Q. Is the self-improvement thing during sefirah kind of made up? What do all the middos mean or where do they come from?
A. Sefirah is an unusual… I was going to say holiday but it’s not exactly a holiday, is it? It’s something we do between holidays. All the Torah commands is that we count seven weeks from the holiday of Pesach (Passover) to that of Shavuos. Leviticus 23:15 says, “You shall count from the day after the holiday when you bring the Omer offering, seven complete weeks.” (The Omer offering was brought on the second day of Pesach.)
According to the Sefer HaChinuch, the rationale underlying the mitzvah of counting these days is to underscore the importance of the Torah. The entire reason the Jews were redeemed from Egypt was to receive the Torah at Sinai, which happened seven weeks later. The Torah is so precious that we eagerly count the days from the Exodus on Passover until Shavuos, which commemorates the transmission of the Torah to the Jewish people at Sinai.
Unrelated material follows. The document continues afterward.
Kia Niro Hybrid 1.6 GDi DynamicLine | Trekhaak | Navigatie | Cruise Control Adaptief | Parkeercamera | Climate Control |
The Sefirah period accumulated a number of ritual practices over the centuries based on subsequent historical events. The Talmud in Yevamos (62b) recounts that Rabbi Akiva had 12,000 pairs of students who all died in one period – between Pesach and Shavuos – because they did not afford one another appropriate honor. The students died for the first 32 days of this period, so we observe most of Sefirah as a period of mourning. They stopped dying on the 33rd day, which is why Lag b’Omer (the 33rd day of the Omer) is celebrated as a holiday.
Because of the death of so many scholars, the transmission of Torah was in jeopardy until Rabbi Akiva taught five new students: Rabbi Meir, Rabbi Yehuda, Rabbi Yosi, Rabbi Shimon and Rabbi Elazar ben Shamua, who preserved the transmission. Rabbi Shimon – full name Rabbi Shimon bar Yochai – is named by the Talmud (Sanhedrin 86a) as the author of the Midrashic work the Sifre. He is also widely considered the author of the kabbalistic work The Zohar, though we’ll let the scholars debate that one. According to a variety of sources, Rabbi Shimon died on Lag b’Omer (Arizal) and he revealed many secrets of the Torah on the day of his death (Idra Zuta), so many of our Lag b’Omer customs symbolically celebrate Rabbi Shimon’s life and legacy.
According to the Zohar Chadash on parshas Yisro, when the Jews were in Egypt, they were subjected to so many forms of negative influences that they sunk to the 49th level of impurity. When God redeemed the Jews, He far exceeded His promise to our forefather Avraham in that God had only promised to redeem Avraham’s descendants bodily. Not only did He fulfill that promise, He also rescued the Jews from those 49 levels of impurity and elevated them to the 49th level of holiness. Given the use of the number 49 – the number of days in the Sefirah period – and the thematic transition from impurity (in Egypt) to holiness (with the giving of the Torah), it’s easy to see why the Sefirah period is associated with such spiritual self-improvement.
The “middos” to which you refer are found in many siddurim. These are actually seven of the ten kabbalistic “sefiros” – the qualities through which God interfaces with His creation. (Sefer Yetzirah – and I have now officially shared more kabbalistic ideas in this one article than in the entirety of the rest of my oeuvre combined). The ten sefiros are keser, chachma, binah, chesed, gevurah, tiferes, netzach, hod, yesod and malchus. (In English, for what it’s worth – and a grave oversimplification, we’ll translate them as crown, wisdom, understanding, kindness, strength, beauty, eternity, splendor, foundation and sovereignty.)
The first three (“upper”) sefiros are in a separate category (actually, two separate categories as keser is in a class by itself). The seven “lower” sefiros – chesed, gevurah, tiferes, netzach, hod, yesod and malchus – are a distinct group, alluded to by I Chronicles 29:11: “Yours, Hashem, are the greatness, the power, the glory, the victory and the majesty because everything that is in Heaven and on Earth is Yours. Yours is the kingdom, Hashem, and You are exalted as head above all.” It is on these “lower” sefiros that some people focus during the weeks and days of Sefirah. (It should be noted that the linguistic connection between Sefirah and the sefiros is a happy coincidence and not a reason that people focus on the latter during the former.)
According to this system, each week corresponds to one of these qualities, as does each day within the week. Therefore, the first week is chesed, the second week is gevurah, and the third week is tiferes, etc. but also the first day of the first week is chesed of chesed, the second day of the first week is gevurah of chesed, and the third day of the first week is tiferes of chesed, etc. So each week is dedicated to improving ourselves in one these areas and each day of that week is dedicated to a specific aspect of that week’s trait.
So, Biblically, Sefirah serves to connect the exodus from Egypt with the revelation at Sinai. Rabbinically, we mourn what was lost with the students of Rabbi Akiva. Traditionally, we celebrate on Lag b’Omer that which was restored by Rabbi Shimon. And kabbalistically, some use the Sefirah period to strengthen themselves in those particular traits that God uses to liaise with creation, a practice with historical precedent as seen by our ancestors’ journey from impurity to holiness at this time.